Yes I talked with Sofirn and currently I’m waiting for a C8F host and some XP-L2 leds from kaidomain :slight_smile:
I will make some FET+1 driver with Narsil in it.

Can original driver be flash with narsil?

There’s no Attiny 85 on that driver to flash.

Ok thanks forgot to look at picture of driver :person_facepalming:

Narsil needs a specific hardware design to work in addition to the Attiny85. This driver is completely different. Best option might be to replace with a Lexel driver with NarsilM or a MTN ELEC driver with RampingIOS (used on D4 lights). Assuming the emitters can handle it, of course.

I’m not too big of a fan of most of the major players engineering myself. I swear that at times it’s as if they have a minimum of three engineers working on each product demanding that their input be included whether it helps the final product or not. Over-engineered is putting it mildly.

This new light seems like a winner to me. I’ve made a few C8 triples myself over the years using the reflectors out of cheap headlights and they are nice lights to have around but they are a lot of work to make and I can’t make them even close to as cheap as these.

As for the UI, it’s got more going on than most of the local guys I sell/gift lights to want. Outside of us flashaholics most people are more than content with three or four modes so long as they work without flickering. I always try and remember that a ton of people are used to having a flashlight with two modes (on and off, lol) and were perfectly content with them that way. I actually get far more complaints about my lights if I try and go with a UI that is overly complicated to use. People think the light is broken when they can’t get it to do what they want and just try and explain that it’s user error. So you are absolutely correct everyone has their own opinion on what makes a UI the best. If I was giving them my input it would be to also offer the light with a simple four mode, from moonlight to turbo. Maybe something like TomE’s early circular one or even a simple ramping and nothing more.

Great review by the way.

Oh and forgive me if I missed it, but was there any parasitic drain on this light?

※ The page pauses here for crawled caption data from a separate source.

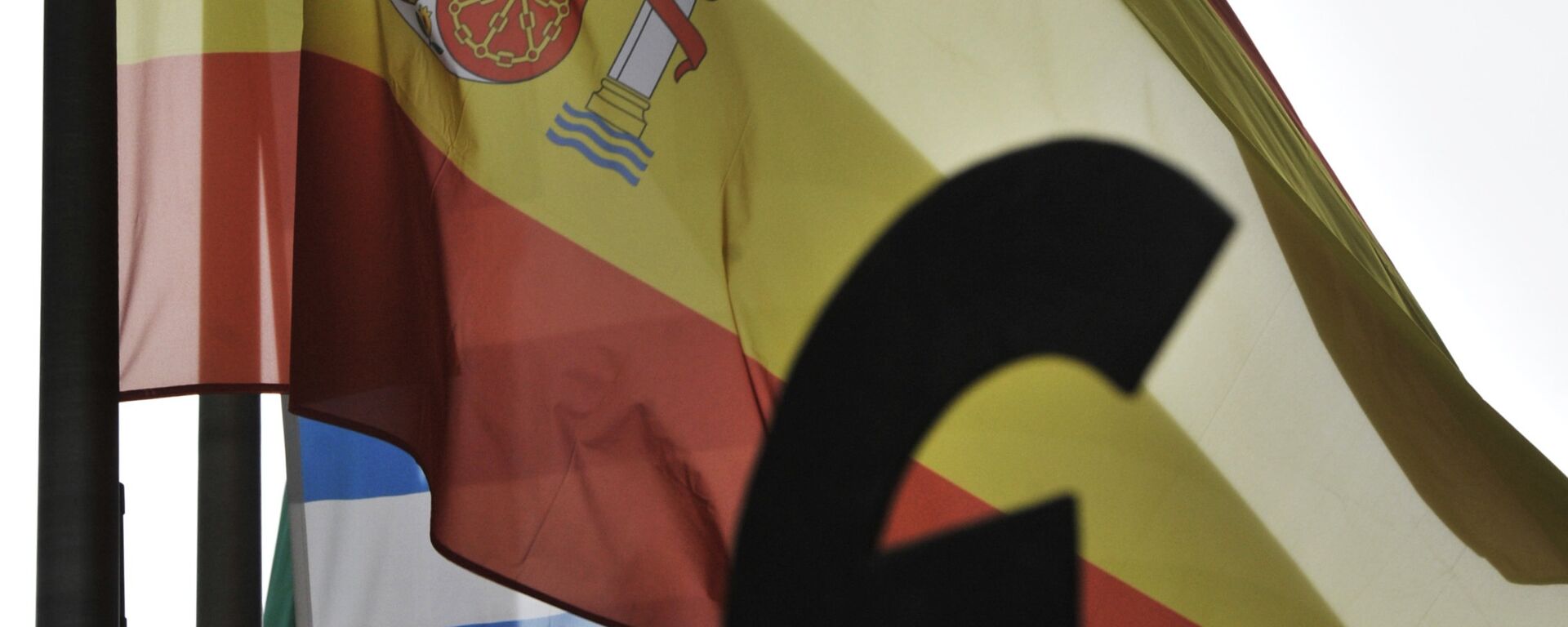 Bandera española y monumento al euro frente al Europarlamento - Sputnik Mundo, 1920, 27.03.2024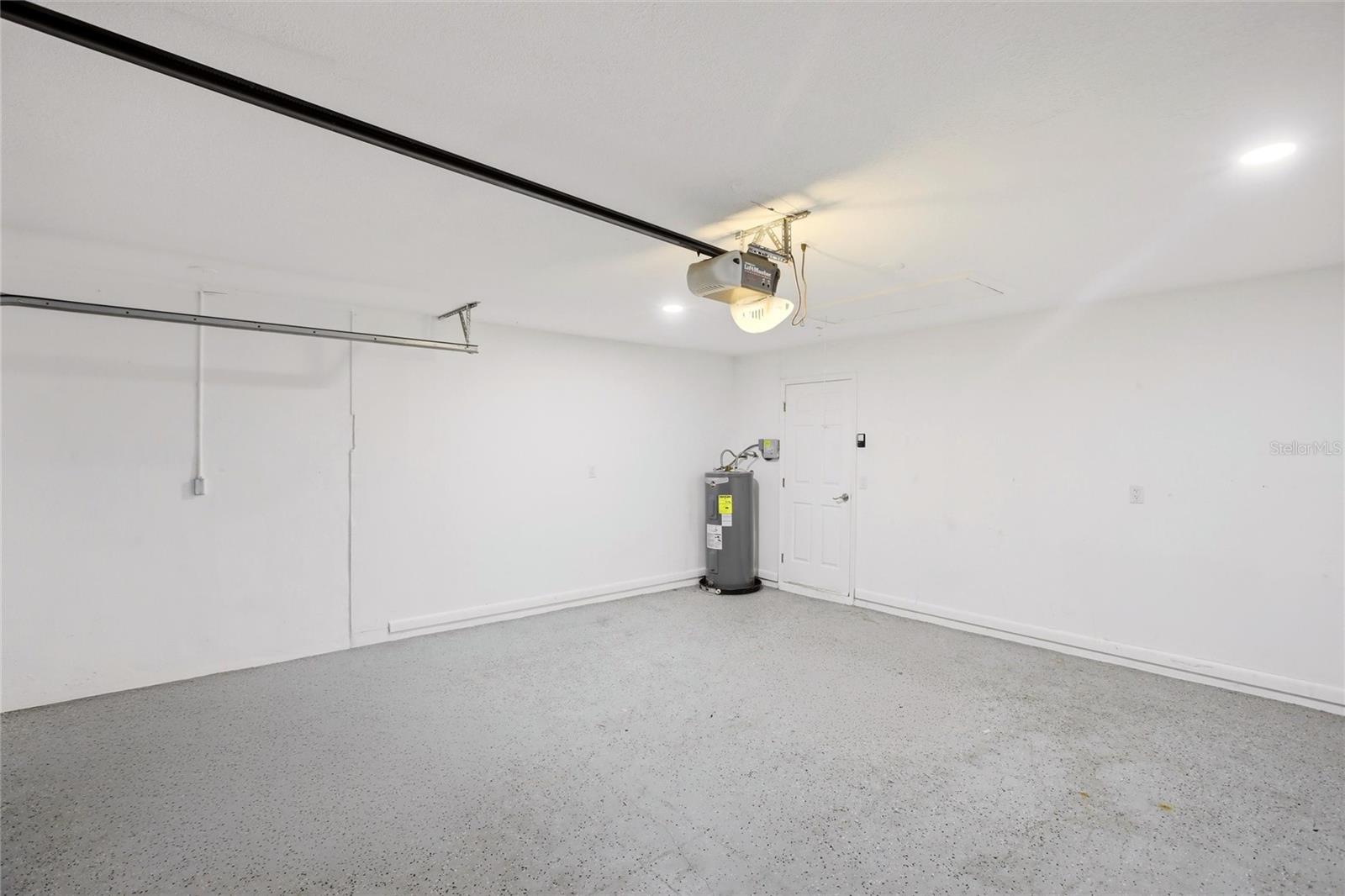 Image 24 of 39 For 176 Waterway Drive Nw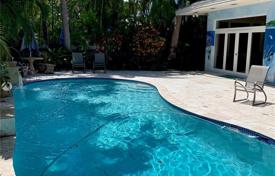 Comfortable villa with a pool, a garage and a terrace, Golden Beach, USA for $2,200,000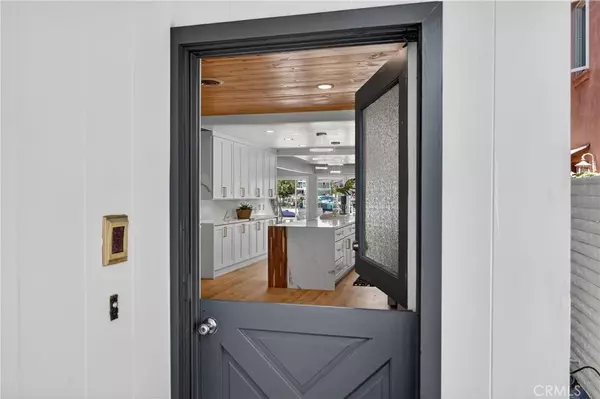 Newport Beach, CA 92663,613 36th Street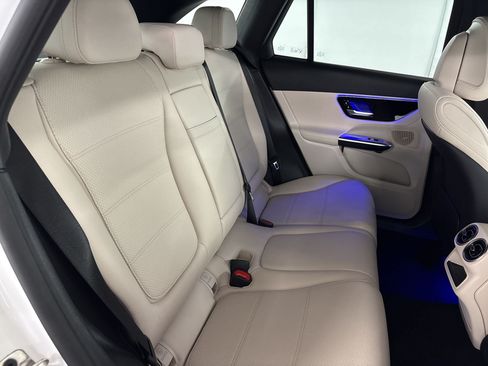 Certified 2025 Mercedes-Benz GLC 350e 4MATIC image 31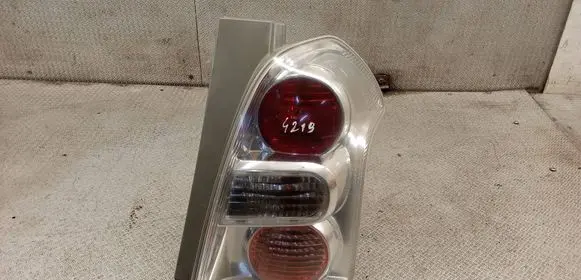 Toyota Corolla Verso AR10 Rear/tail lights 815500F060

Yah, well, tell that to my C8 army… Sometimes they make me nervous.

(I’m surrounded.)

Great now you gave me one more thing to be paranoid about.

LOL

LOL LOL LOL :+1:

To be honest, I don’t remember how to check for parasitic drain. :blush:

meter inline, or pass through meter between power supply.
May be a better way but that is what I have done. :blush:
Not all meters have mA or less capability.

Yup. I’ve been wanting the measure the parasitic drain on my illuminated tailcaps but unfortunately my DMM’s resolution for amps doesn’t go that low. For that reason I’ve been debating about picking up one of the ZT102 that I see codes popping up for around $10. It supposedly measures down into the uA range.

Excellent review thanks! I’m also reviewing this hope to have it done soon.

I used a Mastech multimeter set at 20m? or 20u? and it showed between 9.8 and 10.7, is that the milliOhm’s?

I also removed the pcb in the tail cap and pulled the spring from it, removed the small gauge wire bypass and soldered the spring onto a copper disc, put a 20ga wire bypass in. And it made no difference in the lumens readings. So the stock pcb and spring/bypass are as good as it gets. :wink:

Ok, so whatever this means that’s how much parasitic drain it has. :wink:

Oh, I also filed the anodization off the end of the head and also cleaned it off the shoulder on the battery tube, so the ground path is direct in that tight junction…. the end of the battery tube doesn’t quite seat down onto the shelf around the driver. This effort produced just about as much gain as the copper in the tail cap, in other words, nothing. Still makes the same output as before I did all that. :stuck_out_tongue:

(Essentially, in other words, they already have it working great and most of the tricks and tweaks produce nil.)